One large study found an almost exact correlation between a family's insurance maximum and a teen's residential stay -- regardless of the severity of the diagnosis!!!
[http://www.ncbi.nlm.nih.gov/entrez/query.fcgi?cmd=Retrieve&db=pubmed&dopt=Abstract&list_uids=10114328&query_hl=1&itool=pubmed_docsum]

People would literally show up for "free evaluations" at some treatment centers and find themselves coerced into staying 28 days because they admitted marijuana use (so long as they had insurance, of course).

Actual heroin injectors usually do require longer term care -- but, at least in part because programs admitted so many people with minor problems, when the research was done looking at whether inpatient or outpatient care was more effective, no differences were found. So insurers refused to cover inpatient addiction treatment or limited it to 7 or 8 days: almost useless for severe problems and unnecessary for mild-moderate ones.

Some psychiatric centers, at that same time, went so far as to literally kidnap children who had been identified by school guidance counselors as being troubled: they were kept in treatment until their insurance ran out, their parents threatened with termination of parental rights if they didn't consent to the treatment. [For more on this incredibly under-reported scandal, I highly recommend Joe Sharkey's book, Bedlam: Greed, Profiteering and Fraud in A Mental Health System Gone Crazy, St. Martin's Press, 1994].

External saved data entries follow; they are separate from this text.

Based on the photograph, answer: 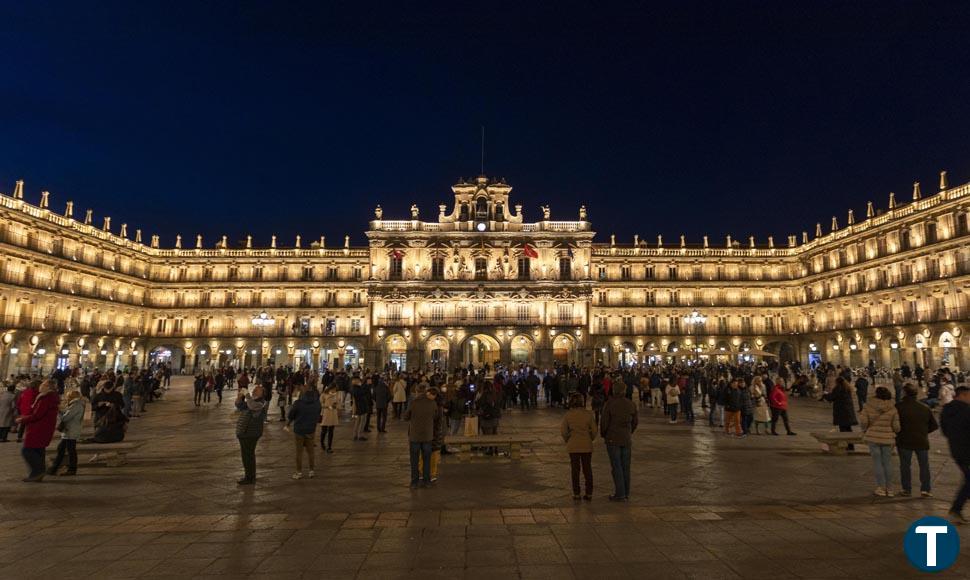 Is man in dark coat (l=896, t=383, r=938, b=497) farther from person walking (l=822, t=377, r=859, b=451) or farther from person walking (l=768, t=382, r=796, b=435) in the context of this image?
person walking (l=768, t=382, r=796, b=435)

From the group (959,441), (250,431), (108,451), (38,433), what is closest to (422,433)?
(250,431)

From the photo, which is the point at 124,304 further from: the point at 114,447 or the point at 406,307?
the point at 114,447

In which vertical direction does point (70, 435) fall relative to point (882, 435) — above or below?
below

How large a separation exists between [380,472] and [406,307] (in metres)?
42.8

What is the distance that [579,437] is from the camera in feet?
25.1

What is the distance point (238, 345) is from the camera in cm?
5753

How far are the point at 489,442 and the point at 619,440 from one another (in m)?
3.47

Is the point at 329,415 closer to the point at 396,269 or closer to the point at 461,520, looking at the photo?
the point at 461,520

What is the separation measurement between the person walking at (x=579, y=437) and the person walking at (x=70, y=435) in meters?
8.27

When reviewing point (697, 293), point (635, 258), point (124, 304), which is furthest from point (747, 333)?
point (124, 304)

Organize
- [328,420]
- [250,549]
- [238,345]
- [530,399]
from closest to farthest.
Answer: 1. [250,549]
2. [328,420]
3. [530,399]
4. [238,345]

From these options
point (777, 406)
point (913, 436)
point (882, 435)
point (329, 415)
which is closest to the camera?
point (913, 436)

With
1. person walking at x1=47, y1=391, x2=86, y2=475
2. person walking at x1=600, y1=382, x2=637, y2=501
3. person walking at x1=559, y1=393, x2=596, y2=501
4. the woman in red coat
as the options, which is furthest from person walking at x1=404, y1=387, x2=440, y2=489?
the woman in red coat

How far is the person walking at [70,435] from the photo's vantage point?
31.2 feet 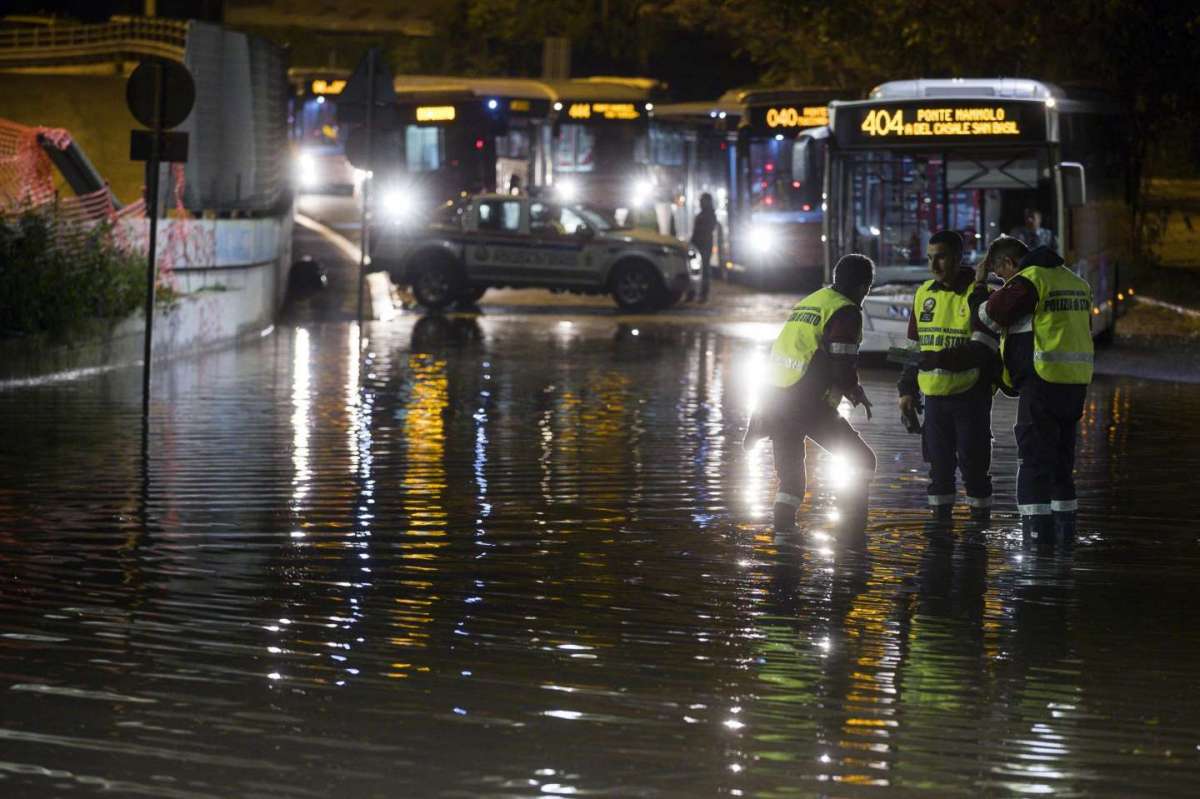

The legacy of all this is that insurers are extremely skeptical of inpatient treatment for mental health problems; and providers have yet to prove that their residential services help teenagers. Instead of doing outcomes research -- which would still leave them at the mercy of insurers, even if they could demonstrate positive results -- the people who run many private residential programs decided to simply target parents rich enough to pay for services themselves.

The field is now so tangled that hundreds of people make their livings as "educational consultants", claiming to help parents find the best program for their difficult kids. Unfortunately, these consultants can add another level of problems: some take kickbacks from the industry and they are not licensed or regulated. They use nothing but their own knowledge (no qualifications are required) to steer parents to programs -- usually, for a steep fee, of course. It's one unregulated industry trying to guide people through another.

So how do parents determine, first of all, whether their children actually need residential care and secondly, if they do, how to find a program that is, at minimum, unlikely to be harmful?

The first step is to refuse to allow the treatment industry -- including the consultants -- to induce panic or force hurried decision-making. The industry is built on largely unrealistic fears, often telling parents that their children will be dead within weeks if they don't get help immediately. Given that fewer than 20,000 teens die every year from *all* causes (not just behavioral ones) and that there are some 40 million teens, such fear is unwarranted.

Even if all the deaths from all causes occurred only amongst the 4 million teens with severe mental and behavioral problems (which is highly implausible since many, of course, are passenger deaths in non-avoidable car accidents and deaths from disease), that would still be an annual risk of death of just 4 in 1000 per year.

So, the first thing parents need to do is recognize that while their teens may seem dangerously 'out of control', there are entire government agencies, anti-drug ad campaigns and a billion dollar residential treatment industry -- not to mention the always up-for-a-scare-media in general -- devoted to exaggerating the risks of adolescence.

Life expectancy is growing: the risk of death during adolescence and young adulthood fell by 40% since 1950. Teen deaths due to suicide and drunk-driving have also dropped dramatically; and the vast majority of drug overdoses have always occurred in adults, often in middle age. Teen pregnancy and drug use are also down dramatically. Teens today are far more likely to make it safely to adulthood than their parents were, but parents are continuously told that teen risks escalate in each succeeding generation.

To make the best decisions then, parents need to start calmly, far from the influence of those who would use their fear to sell their product.